Шрифт:
Вернемся еще раз к якобы подделанному Сулакадзевым «Гимну Бояну». Он вызывает особый гнев комментаторов. В то же время, по признанию самих историков, «Гимн Бояну» «первоначально произвел сильное впечатление на современников… Об этом можно судить и по переводу Державина, по тому, что… («Гимн Бояну». — Авт.) как вполне достоверный исторический источник использован в биографии Бояна, опубликованной в 1821 году в «Сыне Отечества» (В.П. Козлов).

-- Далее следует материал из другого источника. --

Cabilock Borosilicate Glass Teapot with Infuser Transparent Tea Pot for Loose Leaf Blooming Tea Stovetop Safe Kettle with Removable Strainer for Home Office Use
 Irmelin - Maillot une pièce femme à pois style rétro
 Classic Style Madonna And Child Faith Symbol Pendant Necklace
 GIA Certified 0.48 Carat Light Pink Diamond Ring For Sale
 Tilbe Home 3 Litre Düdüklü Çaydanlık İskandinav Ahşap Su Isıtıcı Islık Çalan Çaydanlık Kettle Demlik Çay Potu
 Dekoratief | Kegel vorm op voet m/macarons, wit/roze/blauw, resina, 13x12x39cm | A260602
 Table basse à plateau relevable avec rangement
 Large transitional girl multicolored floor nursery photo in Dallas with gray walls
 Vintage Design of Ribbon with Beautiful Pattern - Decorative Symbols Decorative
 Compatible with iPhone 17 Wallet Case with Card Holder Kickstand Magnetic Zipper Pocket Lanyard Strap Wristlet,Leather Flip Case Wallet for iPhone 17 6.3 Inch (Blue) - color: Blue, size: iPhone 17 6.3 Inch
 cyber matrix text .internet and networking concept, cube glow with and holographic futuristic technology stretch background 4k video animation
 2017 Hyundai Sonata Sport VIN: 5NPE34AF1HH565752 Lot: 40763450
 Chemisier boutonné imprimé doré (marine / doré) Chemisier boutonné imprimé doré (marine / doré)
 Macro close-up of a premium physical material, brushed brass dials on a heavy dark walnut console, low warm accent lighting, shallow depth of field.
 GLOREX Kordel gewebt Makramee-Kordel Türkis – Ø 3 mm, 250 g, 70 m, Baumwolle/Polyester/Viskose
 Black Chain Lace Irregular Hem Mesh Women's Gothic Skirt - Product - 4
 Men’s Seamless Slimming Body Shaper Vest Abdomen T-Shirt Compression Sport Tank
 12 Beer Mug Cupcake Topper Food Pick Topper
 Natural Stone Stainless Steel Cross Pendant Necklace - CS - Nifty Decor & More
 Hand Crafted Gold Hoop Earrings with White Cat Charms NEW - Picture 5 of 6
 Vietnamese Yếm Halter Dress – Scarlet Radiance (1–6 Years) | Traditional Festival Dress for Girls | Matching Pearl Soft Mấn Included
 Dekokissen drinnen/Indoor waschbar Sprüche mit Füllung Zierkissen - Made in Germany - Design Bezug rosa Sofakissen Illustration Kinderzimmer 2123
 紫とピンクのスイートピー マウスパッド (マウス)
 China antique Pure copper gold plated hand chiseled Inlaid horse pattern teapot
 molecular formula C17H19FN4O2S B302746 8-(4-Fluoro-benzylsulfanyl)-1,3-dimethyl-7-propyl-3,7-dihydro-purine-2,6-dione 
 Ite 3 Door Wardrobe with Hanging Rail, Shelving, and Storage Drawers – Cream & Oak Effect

Итак, в русском обществе XIX века и среди литераторов, то есть в кругу людей образованных, многие из которых прекрасно разбирались в древнерусской литературе, «Гимн Бояну» имел большой успех и сомнений не вызвал. Однако через некоторое время среди профессионалов-историков «к «Гимну Бояну» сложилось недоверчивое и даже откровенно скептическое отношение». «Объяснение» историков было таково: «Некоторые… хвалились… находкою якобы древних славено-русских рунических письмен… коими написан Боянов гимн… Руны сии очень похожи на… славянские буквы, и потому некоторые заключали, якобы славяне еще до христианства имели… свою рунную азбуку и что Константин и Мефодий уже из рун сих с прибавлением некоторых букв из греческой и иных азбук составили нашу славянскую!» (В.П. Козлов).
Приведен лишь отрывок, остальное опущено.